Activity ▸ Give back the full listing, character for character, with no pictures.

Available data ▸
BEGIN

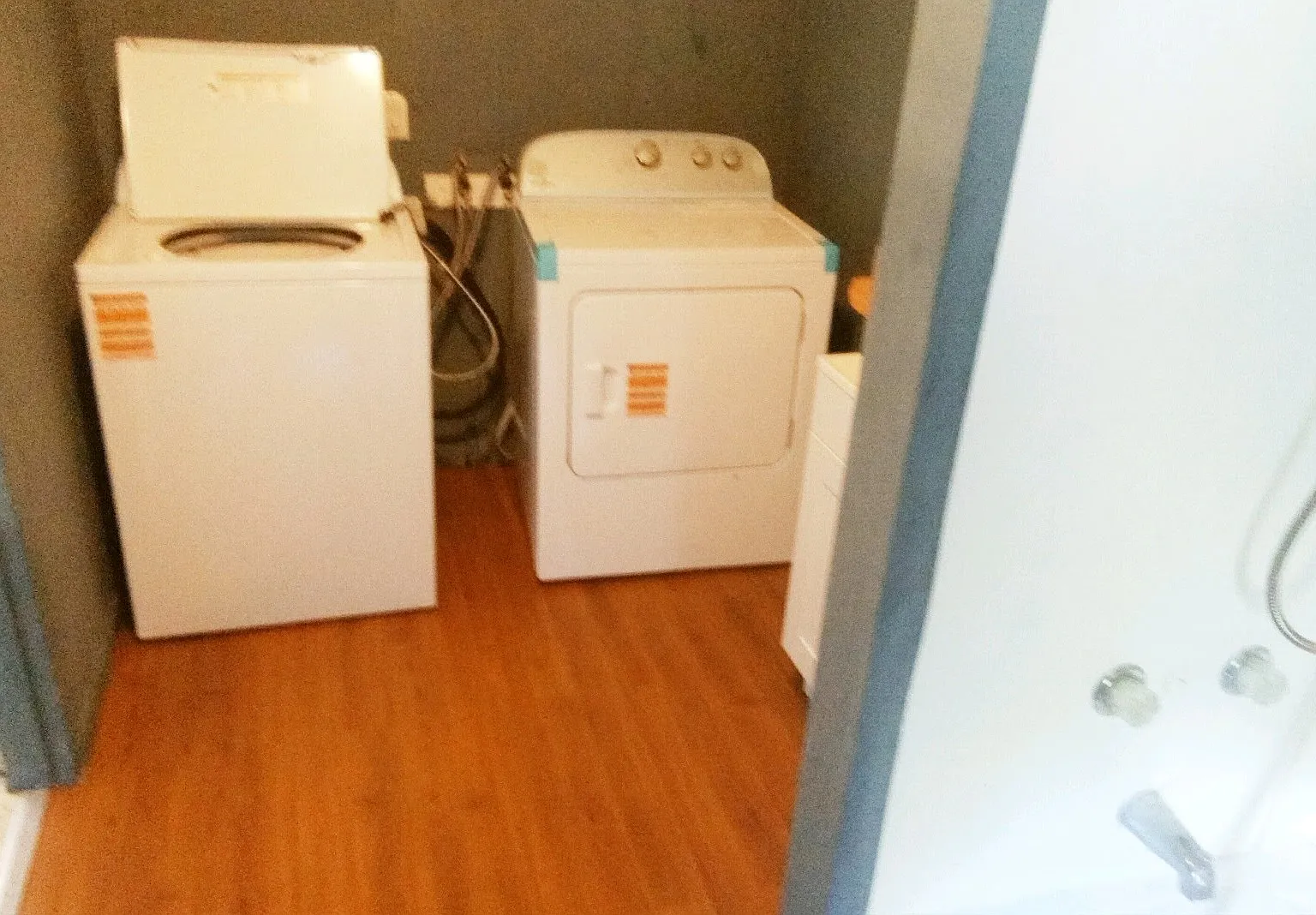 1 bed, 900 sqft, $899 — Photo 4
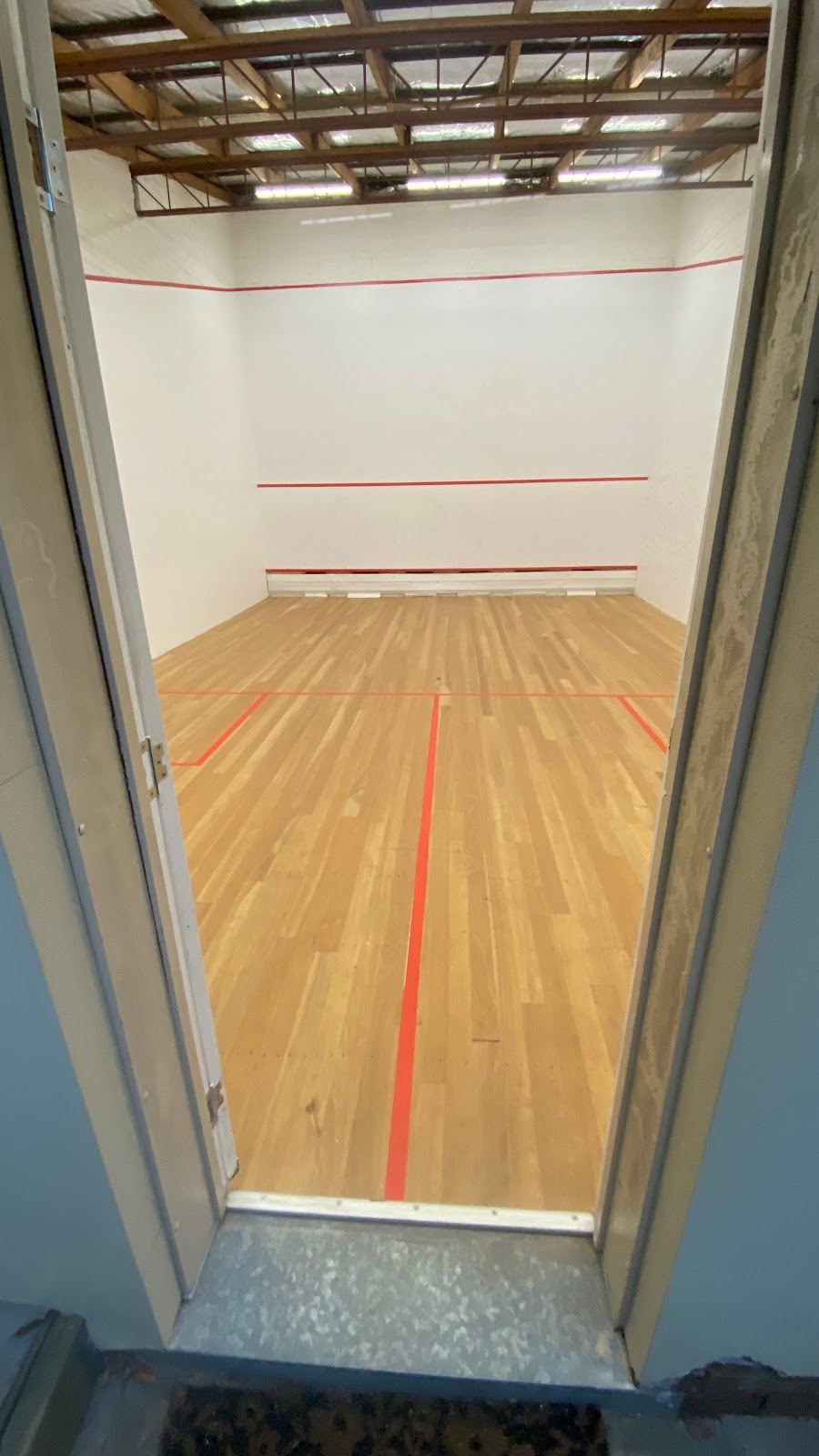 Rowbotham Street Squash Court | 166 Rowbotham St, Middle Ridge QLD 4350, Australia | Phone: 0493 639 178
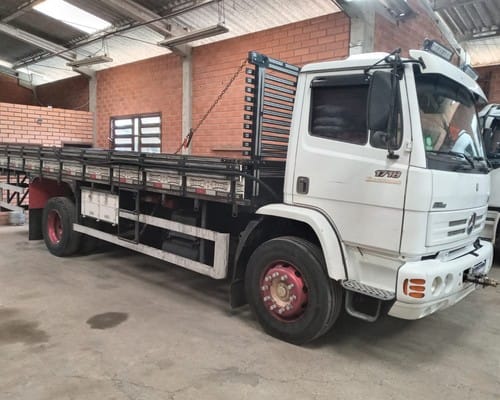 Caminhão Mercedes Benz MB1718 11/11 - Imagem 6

END

Output ▸
 1 bed, 900 sqft, $899 — Photo 4
 Rowbotham Street Squash Court | 166 Rowbotham St, Middle Ridge QLD 4350, Australia | Phone: 0493 639 178
 Caminhão Mercedes Benz MB1718 11/11 - Imagem 6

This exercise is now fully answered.